This page explains how to process vector data with SedonaDB.
You will learn how to create SedonaDB DataFrames, run spatial queries, and perform I/O operations with various types of files.
Let's start by establishing a SedonaDB connection.
Here's how to create the SedonaDB connection:
import sedona.db sd = sedona.db.connect()
Now, let's see how to create SedonaDB dataframes.
Manually creating SedonaDB DataFrame
Here's how to manually create a SedonaDB DataFrame:
df = sd.sql(""" SELECT * FROM (VALUES ('one', ST_GeomFromWkt('POINT(1 2)')), ('two', ST_GeomFromWkt('POLYGON((-74.0 40.7, -74.0 40.8, -73.9 40.8, -73.9 40.7, -74.0 40.7))')), ('three', ST_GeomFromWkt('LINESTRING(-74.0060 40.7128, -73.9352 40.7306, -73.8561 40.8484)'))) AS t(val, point)""")
Check the type of the DataFrame.
type(df)
sedonadb.dataframe.DataFrame
Create SedonaDB DataFrame from files in S3
For most production applications, you will create SedonaDB DataFrames by reading data from a file.
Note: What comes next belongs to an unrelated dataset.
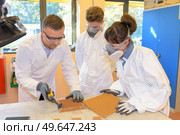 Students wearing masks using dremel. Стоковое фото, агентство Ingram Publishing / Фотобанк Лори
Let's see how to read GeoParquet files in AWS S3 into a SedonaDB DataFrame.
sd.read_parquet( "s3://overturemaps-us-west-2/release/2025-08-20.0/theme=divisions/type=division_area/", options={"aws.skip_signature": True, "aws.region": "us-west-2"}, ).to_view("division_area")
Now, let's run some spatial queries.
Read from GeoPandas DataFrame
This section shows how to convert a GeoPandas DataFrame into a SedonaDB DataFrame.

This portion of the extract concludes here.